After making the recipe, and filling a half dozen 3 ounce popsicle molds 2/3 of the way, with the ganache mixture, I left them to cool to room temperature while I made a raspberry puree to ripple through them.
- I used two cups of raspberries, mashed with a fork in a 4 cup glass measuring cup
- Add 3 Tablespoons of finely ground (Caster) sugar to berries, and mix well
- Heat in microwave oven on full power, in 30 second bursts, stirring well between, until fragrant, bubbling and slightly reduced in volume, about 3 minutes
- Allow to cool and thicken slightly
- Drop 3 or 4 heaping teaspoons (however much it takes to bring the level up to the fill line on the mold) of puree onto ganache in popsicle molds and, using a chopstick or thin knife, pull raspberry puree through ganache to create a ripple effect
- Freeze, as per recipe
I would recommend using frozen, thawed berries if you don’t have the luxury of getting them out of your back yard garden. My dear partner’s berry bushes are glistening with the fragrant fruit that wafted across my nostrils and started this whole post, so I will be getting mine from out the back door.
Frozen berries are usually packed with flavour, as they are flash frozen at their peak of ripeness. For this puree, you are mashing and heating them, so the frozen berries actually break down as well as, if not better than, the fresh.
We found that the dark chocolate was quite intense on its own. I think next time I would use a chocolate of 60% cocoa content (the one I did use was 72%).
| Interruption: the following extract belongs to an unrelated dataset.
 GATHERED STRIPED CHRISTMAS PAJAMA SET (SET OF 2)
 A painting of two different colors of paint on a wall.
The raspberry ripple really made it for me, and the sweet/tart flavour of the berries balanced the intensity of the dark chocolate really well.
Also on Megan’s website is a recipe for dairy-free fudgsicles, using coconut milk. I was grateful to find this. Elder Son’s dear friend has Celiac Disease and cannot eat wheat gluten or dairy products, so these days I always have a weather eye out for recipes she will be able to enjoy with us. I love anything made with coconut milk, and I found these even tastier than the dairy version. Next time I will ripple them, as well! The recipe made 8, using a 2 ounce popsicle mold.
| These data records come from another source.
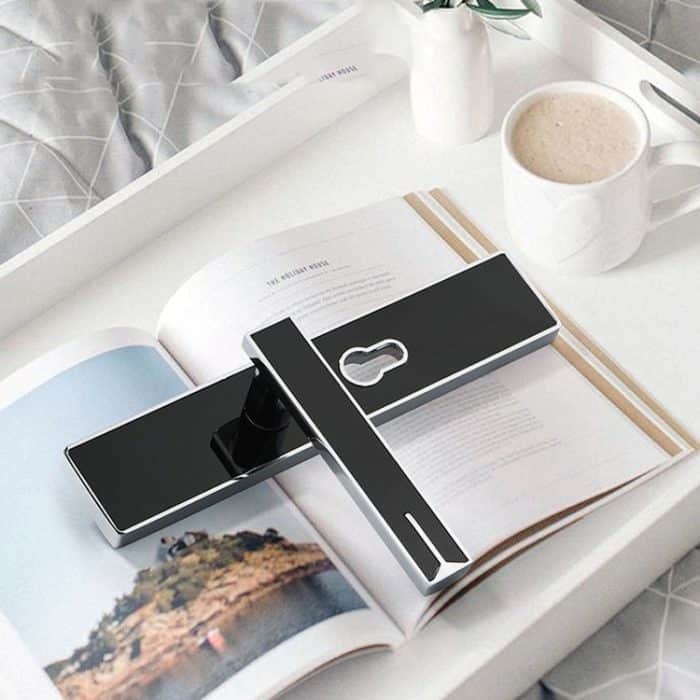 Mute starke magnetische Aluminiumlegierung Innentürschloss Tür Schlafzimmer Hardware Griff Schloss, Black Gold Small 50 Lock Body, Black Gold Large 50 Lock Body, Black Silver Small 50 Lock Body, Black Silver Large 50 Lock Body – Bild 3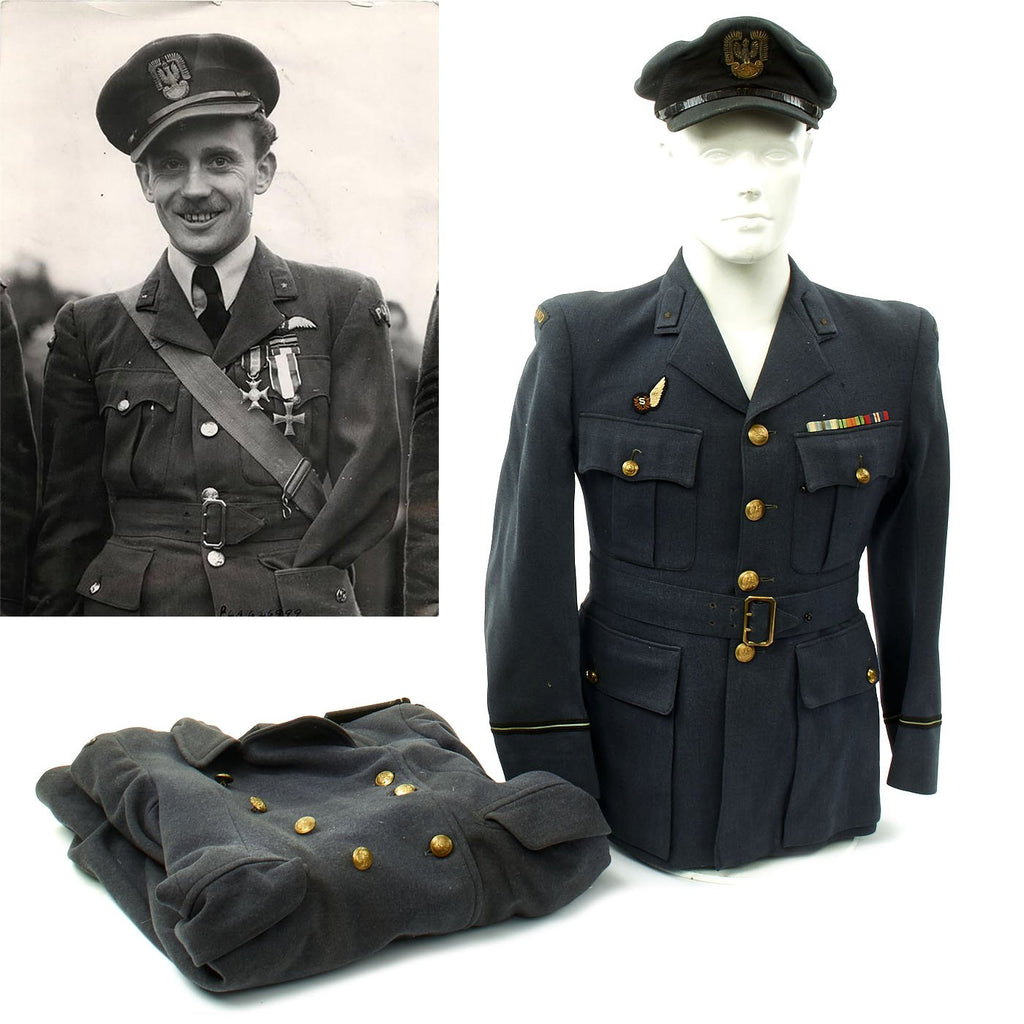 Original WWII Polish Air Forces RAF Flying Officer Uniform International Military Antiques Original WWII Polish Air Forces RAF Flying Officer Uniform International Military Antiques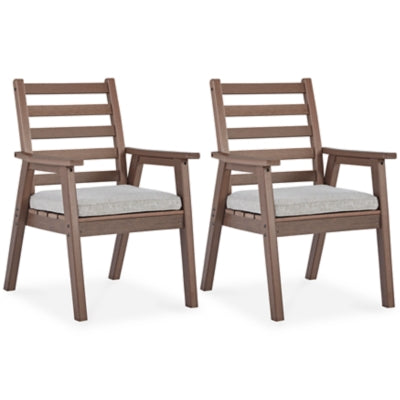 Ashley Signature Design Emmeline Outdoor Dining Arm Chair with Cushion (Set of 2) Brown P420-601A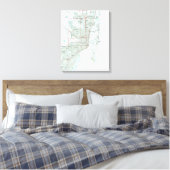 Miami Florida Map (1981) Canvas Afdruk (Insitu (Slaapkamer))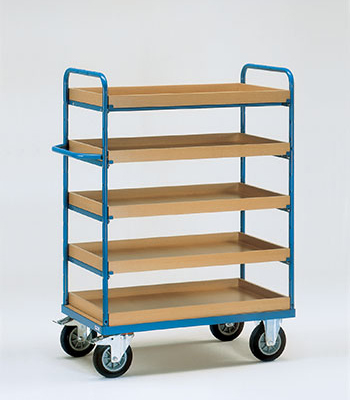 Etagewagens met legbord met rand met 5 etages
Since I had one more popsicle mold left, as well as leftover heavy cream and thinking “In for a frozen penny, In for a Pound”, I made another slight variation, using the original recipe, but using 1 teaspoon cocoa, 1 teaspoon cinnamon and one teaspoon sugar, instead of 1 Tablespoon cocoa. These were also tasty, and next time, I would try adding some liquid coffee to replace some of the milk.
All three of these Fudgsicle recipes came together in under an hour, and were in the freezer by the time the first sleepyhead made his appearance for the day.
So, my apologies to the long maligned (by me) Fudgesicle. Which just goes to show that people can change – myself, I mean. I hope I am not as stuck up as I was as a kid.
And perhaps if I were to run in to that long forgotten classmate of mine, I might also find him a distinguished and lovely man
… as long as he’s stopped throwing rocks.